> [Activity] Please reproduce the listing below exactly, leaving out every picture.

> [Data section]
━━━━━━━━━━━━━━━━━━━━━━━━━━━━━━

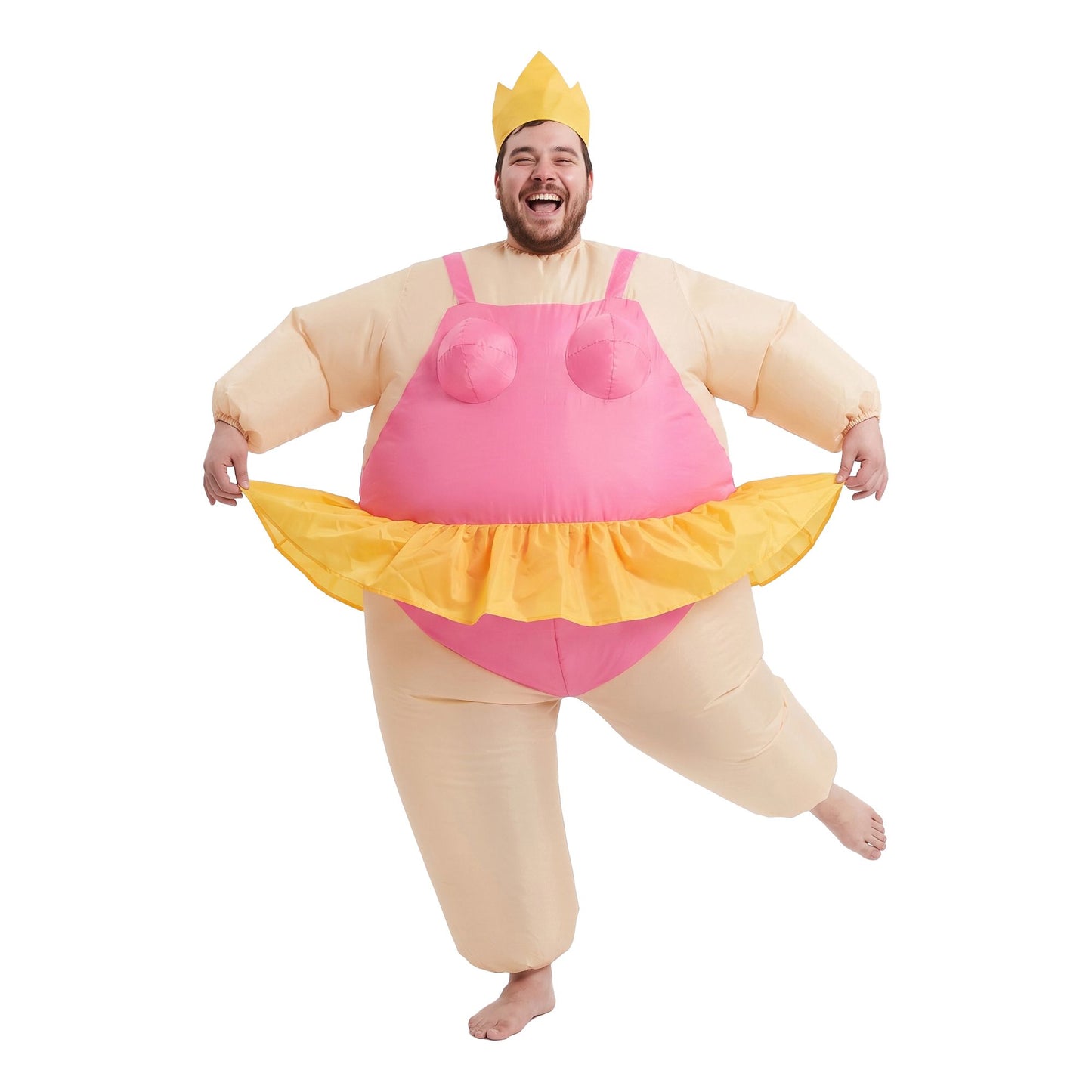 Inflatable Costume Funny Fat Suit Fancy Dress Adult Party Outfit Pink One Size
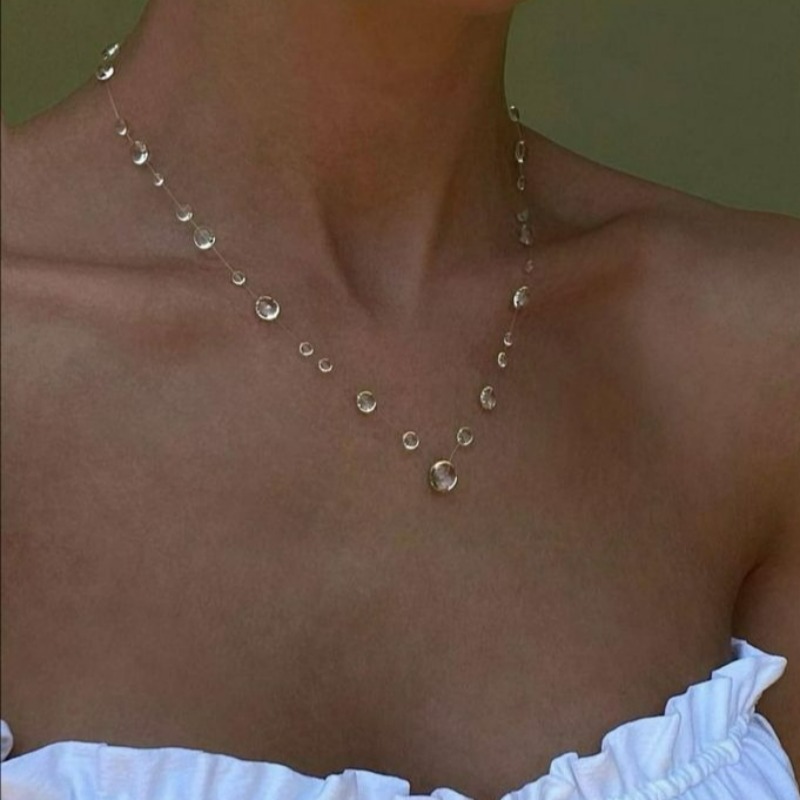 Clear Water Drop Necklace Tran - огляд і ціна Resin Art Necklace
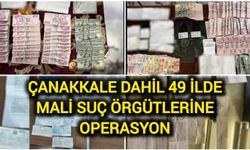 Çanakkale dahil 49 ilde mali suç örgütlerine operasyon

━━━━━━━━━━━━━━━━━━━━━━━━━━━━━━

> [Answer to this problem]
 Inflatable Costume Funny Fat Suit Fancy Dress Adult Party Outfit Pink One Size
 Clear Water Drop Necklace Tran - огляд і ціна Resin Art Necklace
 Çanakkale dahil 49 ilde mali suç örgütlerine operasyon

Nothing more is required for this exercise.